Raymond Hains, Sophie Calle, Gabriel Orozco – wer sich auf die Suche nach der kuratorischen Handschrift der Christine Macel macht, trifft auf eine lange Liste von Schauen illustrer Gegenwarts-Künstlerinnen, aber nicht auf das ganz große Projekt. Dass muss nicht heißen, dass die französische Kunsthistorikerin eine Verlegenheitslösung für die nächste Biennale von Venedig wäre oder die Frauenquote nach oben treiben soll. Vergangenen Freitag berief der Biennale-Vorstand die Chefkuratorin des Pariser Centre Pompidou zur Kuratorin der 57. Ausgabe im Frühsommer 2017.

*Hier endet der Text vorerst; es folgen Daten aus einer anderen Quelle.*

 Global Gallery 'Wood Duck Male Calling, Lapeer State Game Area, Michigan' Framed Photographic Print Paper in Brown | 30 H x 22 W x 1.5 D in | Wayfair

Ohne großes Aufheben um ihre eigene Person hat Macel nämlich früh an den Schnittstellen des Zeitgenössischen gearbeitet. Einer der größten Erfolge der 49-jährigen war 2011 die Schau „Danser sa vie“, die den Zusammenhang von Bildender Kunst und Tanz seit dem Beginn des 20. Jahrhunderts auffächerte. Macel gehört zu den Gründerinnen der Association of Neuroesthetics (AoN), die die Verbindungen zwischen Kunst und Neurowissenschaften erforscht.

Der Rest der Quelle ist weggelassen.